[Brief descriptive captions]
[Start of section]

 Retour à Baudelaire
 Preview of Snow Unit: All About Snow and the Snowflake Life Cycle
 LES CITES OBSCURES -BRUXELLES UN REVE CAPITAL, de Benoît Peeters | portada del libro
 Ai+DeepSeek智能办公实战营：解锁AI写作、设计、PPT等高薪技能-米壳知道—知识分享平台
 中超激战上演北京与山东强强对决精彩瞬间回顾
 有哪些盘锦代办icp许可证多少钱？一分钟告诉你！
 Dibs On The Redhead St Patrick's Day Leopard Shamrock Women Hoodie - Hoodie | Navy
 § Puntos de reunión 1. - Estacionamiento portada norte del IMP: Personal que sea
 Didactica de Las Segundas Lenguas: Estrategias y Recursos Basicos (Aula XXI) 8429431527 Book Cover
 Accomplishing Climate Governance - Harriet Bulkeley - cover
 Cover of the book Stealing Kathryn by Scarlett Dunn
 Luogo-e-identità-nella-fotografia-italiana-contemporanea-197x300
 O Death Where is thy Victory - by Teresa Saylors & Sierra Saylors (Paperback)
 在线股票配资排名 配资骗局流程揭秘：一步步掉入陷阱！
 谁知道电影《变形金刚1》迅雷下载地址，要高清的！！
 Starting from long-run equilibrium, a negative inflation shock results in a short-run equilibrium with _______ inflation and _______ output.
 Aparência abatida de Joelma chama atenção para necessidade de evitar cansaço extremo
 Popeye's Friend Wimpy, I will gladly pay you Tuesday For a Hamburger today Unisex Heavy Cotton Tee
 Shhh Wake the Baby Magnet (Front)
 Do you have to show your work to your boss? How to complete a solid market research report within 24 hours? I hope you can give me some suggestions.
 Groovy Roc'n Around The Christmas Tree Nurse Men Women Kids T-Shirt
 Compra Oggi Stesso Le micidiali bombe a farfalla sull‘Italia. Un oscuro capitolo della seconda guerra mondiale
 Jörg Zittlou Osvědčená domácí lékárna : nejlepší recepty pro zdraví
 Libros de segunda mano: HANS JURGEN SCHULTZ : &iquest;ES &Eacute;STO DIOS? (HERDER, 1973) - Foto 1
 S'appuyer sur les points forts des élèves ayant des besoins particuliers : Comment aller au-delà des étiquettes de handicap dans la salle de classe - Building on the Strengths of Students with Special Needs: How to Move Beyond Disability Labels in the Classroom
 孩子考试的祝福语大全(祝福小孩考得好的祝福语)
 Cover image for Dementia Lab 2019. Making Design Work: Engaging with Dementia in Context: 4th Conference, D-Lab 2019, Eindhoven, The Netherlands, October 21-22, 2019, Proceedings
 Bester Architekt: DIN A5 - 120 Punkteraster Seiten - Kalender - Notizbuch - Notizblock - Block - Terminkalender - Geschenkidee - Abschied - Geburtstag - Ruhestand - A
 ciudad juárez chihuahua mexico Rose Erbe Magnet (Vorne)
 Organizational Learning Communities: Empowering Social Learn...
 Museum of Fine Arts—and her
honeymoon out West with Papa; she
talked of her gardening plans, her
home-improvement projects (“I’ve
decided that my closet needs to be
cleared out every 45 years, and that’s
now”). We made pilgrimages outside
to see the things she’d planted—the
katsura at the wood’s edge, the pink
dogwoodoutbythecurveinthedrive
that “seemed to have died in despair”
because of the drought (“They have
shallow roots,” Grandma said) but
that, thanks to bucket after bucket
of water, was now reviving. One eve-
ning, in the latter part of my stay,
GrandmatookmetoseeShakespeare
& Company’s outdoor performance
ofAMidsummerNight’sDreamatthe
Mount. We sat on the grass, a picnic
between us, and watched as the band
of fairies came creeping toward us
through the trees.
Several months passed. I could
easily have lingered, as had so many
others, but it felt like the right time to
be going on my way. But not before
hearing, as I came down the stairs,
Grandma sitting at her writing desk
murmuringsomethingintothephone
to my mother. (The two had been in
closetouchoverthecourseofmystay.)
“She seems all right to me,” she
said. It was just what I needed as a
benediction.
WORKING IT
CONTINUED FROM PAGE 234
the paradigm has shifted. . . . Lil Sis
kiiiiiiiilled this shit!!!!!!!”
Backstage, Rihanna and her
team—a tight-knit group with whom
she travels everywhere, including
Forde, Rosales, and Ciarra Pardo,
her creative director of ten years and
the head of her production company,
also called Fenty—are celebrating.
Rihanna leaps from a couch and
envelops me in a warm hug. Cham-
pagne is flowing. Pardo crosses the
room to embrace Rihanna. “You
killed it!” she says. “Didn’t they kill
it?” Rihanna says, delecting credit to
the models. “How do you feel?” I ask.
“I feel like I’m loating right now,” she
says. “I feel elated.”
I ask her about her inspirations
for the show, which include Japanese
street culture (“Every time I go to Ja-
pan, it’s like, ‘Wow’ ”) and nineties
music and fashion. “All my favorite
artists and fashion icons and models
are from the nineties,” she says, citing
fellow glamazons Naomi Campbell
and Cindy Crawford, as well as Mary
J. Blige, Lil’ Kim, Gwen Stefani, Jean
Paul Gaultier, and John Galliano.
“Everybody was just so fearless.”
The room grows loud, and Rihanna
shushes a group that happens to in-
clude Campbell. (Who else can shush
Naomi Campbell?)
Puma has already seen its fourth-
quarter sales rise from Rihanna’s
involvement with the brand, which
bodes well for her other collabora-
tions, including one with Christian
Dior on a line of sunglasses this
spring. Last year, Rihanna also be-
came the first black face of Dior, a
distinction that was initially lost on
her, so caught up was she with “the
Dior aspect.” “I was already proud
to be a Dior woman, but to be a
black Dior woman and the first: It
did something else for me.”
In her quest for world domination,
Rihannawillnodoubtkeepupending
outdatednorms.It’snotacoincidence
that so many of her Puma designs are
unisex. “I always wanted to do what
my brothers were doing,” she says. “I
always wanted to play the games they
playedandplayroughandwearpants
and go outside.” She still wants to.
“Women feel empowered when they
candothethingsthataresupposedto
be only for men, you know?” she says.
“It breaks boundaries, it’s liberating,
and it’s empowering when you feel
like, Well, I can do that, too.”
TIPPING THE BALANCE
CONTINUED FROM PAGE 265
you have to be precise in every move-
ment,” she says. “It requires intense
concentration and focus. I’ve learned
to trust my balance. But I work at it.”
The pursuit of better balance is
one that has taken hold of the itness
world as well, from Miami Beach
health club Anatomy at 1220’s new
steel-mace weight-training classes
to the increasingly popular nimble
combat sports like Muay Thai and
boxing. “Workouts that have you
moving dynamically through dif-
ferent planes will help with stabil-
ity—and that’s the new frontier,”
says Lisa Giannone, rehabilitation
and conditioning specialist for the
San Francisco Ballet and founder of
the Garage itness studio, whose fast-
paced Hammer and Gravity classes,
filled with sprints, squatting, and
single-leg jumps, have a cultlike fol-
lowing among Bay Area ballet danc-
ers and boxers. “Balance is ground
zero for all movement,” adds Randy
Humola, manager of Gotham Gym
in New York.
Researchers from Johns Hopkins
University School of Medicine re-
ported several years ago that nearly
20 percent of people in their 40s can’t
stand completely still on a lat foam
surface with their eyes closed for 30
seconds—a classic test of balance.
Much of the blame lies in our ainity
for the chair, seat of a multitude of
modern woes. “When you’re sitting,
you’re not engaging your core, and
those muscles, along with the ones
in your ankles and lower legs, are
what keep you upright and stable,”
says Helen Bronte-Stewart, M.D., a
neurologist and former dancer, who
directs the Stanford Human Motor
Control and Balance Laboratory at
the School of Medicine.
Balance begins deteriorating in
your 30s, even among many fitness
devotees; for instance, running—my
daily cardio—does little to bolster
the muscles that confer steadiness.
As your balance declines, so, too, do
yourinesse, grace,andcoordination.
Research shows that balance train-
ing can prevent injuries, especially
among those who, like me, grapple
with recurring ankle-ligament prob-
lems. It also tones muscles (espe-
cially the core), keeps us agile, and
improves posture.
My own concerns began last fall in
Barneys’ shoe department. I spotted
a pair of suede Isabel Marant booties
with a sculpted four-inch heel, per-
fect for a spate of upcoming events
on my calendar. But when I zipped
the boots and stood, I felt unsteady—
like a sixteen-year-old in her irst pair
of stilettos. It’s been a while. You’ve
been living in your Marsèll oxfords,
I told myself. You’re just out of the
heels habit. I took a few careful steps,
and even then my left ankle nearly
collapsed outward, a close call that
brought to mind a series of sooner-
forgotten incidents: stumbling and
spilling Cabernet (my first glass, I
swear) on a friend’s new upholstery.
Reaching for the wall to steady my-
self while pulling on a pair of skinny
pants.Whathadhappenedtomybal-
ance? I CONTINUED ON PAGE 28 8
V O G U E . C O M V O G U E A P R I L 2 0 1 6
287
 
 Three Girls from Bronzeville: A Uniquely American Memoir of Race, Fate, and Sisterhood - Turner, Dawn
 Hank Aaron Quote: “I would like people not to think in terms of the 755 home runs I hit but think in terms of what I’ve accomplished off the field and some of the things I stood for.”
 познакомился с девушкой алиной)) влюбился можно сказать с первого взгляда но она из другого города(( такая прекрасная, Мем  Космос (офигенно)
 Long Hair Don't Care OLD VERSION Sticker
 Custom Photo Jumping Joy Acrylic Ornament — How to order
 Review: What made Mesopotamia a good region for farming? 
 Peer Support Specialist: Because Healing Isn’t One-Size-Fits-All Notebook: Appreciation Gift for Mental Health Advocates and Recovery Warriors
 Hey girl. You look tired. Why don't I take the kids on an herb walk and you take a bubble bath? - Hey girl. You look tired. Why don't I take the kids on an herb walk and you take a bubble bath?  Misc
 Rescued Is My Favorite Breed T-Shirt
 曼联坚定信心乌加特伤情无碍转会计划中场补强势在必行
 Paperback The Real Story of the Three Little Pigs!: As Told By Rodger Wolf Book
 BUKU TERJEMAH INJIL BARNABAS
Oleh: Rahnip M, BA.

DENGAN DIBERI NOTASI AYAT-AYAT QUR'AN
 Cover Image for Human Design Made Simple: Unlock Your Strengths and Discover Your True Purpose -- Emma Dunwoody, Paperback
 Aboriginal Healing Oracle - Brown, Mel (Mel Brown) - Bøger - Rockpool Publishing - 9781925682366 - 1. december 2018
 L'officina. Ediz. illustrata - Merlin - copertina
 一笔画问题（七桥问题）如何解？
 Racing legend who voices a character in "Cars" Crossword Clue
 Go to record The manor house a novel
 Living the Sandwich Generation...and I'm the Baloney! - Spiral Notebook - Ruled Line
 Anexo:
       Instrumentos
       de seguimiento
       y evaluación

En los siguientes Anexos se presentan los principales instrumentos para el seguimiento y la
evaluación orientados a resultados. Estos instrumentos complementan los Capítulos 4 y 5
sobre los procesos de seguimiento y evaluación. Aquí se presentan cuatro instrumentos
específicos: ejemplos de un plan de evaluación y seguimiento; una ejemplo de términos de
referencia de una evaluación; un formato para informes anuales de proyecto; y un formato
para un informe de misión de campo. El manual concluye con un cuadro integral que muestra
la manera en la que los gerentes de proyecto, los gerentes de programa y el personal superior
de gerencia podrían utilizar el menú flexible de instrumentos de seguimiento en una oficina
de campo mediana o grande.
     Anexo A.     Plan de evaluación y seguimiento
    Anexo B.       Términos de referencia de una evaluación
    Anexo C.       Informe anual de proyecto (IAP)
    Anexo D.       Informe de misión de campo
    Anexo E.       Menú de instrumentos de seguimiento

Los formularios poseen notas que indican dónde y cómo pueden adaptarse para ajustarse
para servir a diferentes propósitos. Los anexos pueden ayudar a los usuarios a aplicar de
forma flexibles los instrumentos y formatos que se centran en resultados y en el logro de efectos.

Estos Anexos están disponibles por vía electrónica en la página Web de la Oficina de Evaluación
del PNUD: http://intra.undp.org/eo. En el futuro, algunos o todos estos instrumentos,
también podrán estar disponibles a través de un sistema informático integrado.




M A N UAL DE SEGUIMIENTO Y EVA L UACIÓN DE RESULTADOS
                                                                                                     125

[End of section]

Show each line of the records above containing "felt".

**TASK ANSWER**
others, but it felt like the right time to
the boots and stood, I felt unsteady—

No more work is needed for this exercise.